Re: "Culturebox: Summer Internment—How To Market Pearl Harbor in Japan"

From:
Thrasymachus

Date: Fri May 11  12:55 p.m. PT

There are two Japanese trailers for the film Pearl Harbor, one of which includes the full "Date which will live in infamy" speech, as well as some language which didn't even make it into the American trailer about America "never falling victim to such treachery again" or something to that effect. Why? Because the overall effect of FDR waxing indignant about the treachery of the attack will mostly just underscore the fact that Pearl Harbor was, in fact, one of the most effective surprise assaults in military history; and to the Japanese moviegoing audience (which I'm guessing is the same teen-age male demographic as its American counterpart) the thrill of seeing a Japanese military victory will far outweigh the purported embarrassment of being cast as national villains.

[Find this post here.]

Fray Notes

We liked "The Breakfast Table" last week: David Gardner, writing about the Fray, said that "interactivity is at the heart of … what we love about the Internet," and his brother Tom replied that it "enables the sort of open, inclusive conversation that allows Arthur Stock to challenge you, you to respond, thousands to read, others to respond." Well exactly, although Zeitguy believes the Gardners thought the name Stock was made up to attract their attention. Fray regulars know better and know that he is not just "some guy," as Tom Gardner also referred to him. Read Arthur's post here. There was also a great discussion on what the Fray has to offer, and who the real experts are, here.

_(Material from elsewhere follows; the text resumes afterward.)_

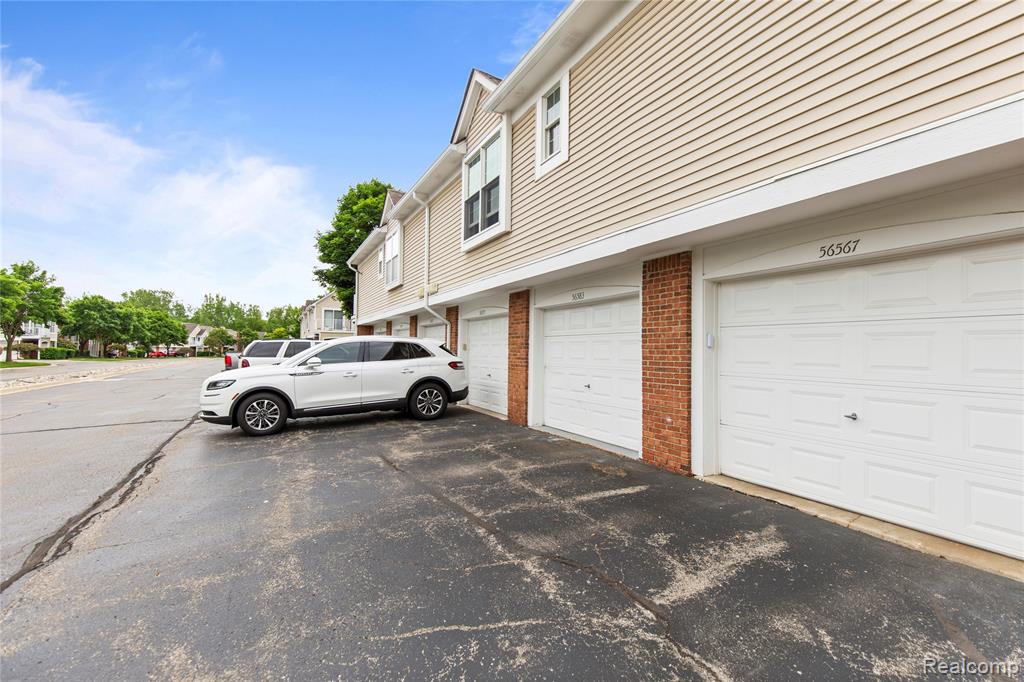 56575 Chesapeake Trail, Shelby Twp, MI 48316 — Photo 26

Meanwhile, Will Jacobs in the "Today's Papers" Fray has concluded that posting makes people nicer. Read here about "open and honest interaction"—just the term we were looking for.

As "Chatterbox" continues to wonder about Disrespecting the Bing, Roger McGuinn (not the Byrds singer, we assume) offered a splendid post on mob slang here, combining scholarly discussion with colloquial language to stunning effect: "[This phrase] is used in the context of emphasizing the immediate dispatch of an issue or problem by the employment of effective ameliorative means. For example, 'E woodent give me da money so I took im by iz …hair and smashed iz face into the grill of iz … car and bada bing bada [boom] ez pullin' 10 large outta iz ... tool box.' " And that's the censored version.

In fact the Chatterbox Fray was full of good lines this week. We liked the final sentence of this post; you can argue with the politics but not, surely, with the splendid structure. But this was our favorite on energy and conservation: "Unfortunately, almost all women think the way [Tim] Noah does, which means I have trouble finding a date, even in Berkeley." Straight to the heart of the matter.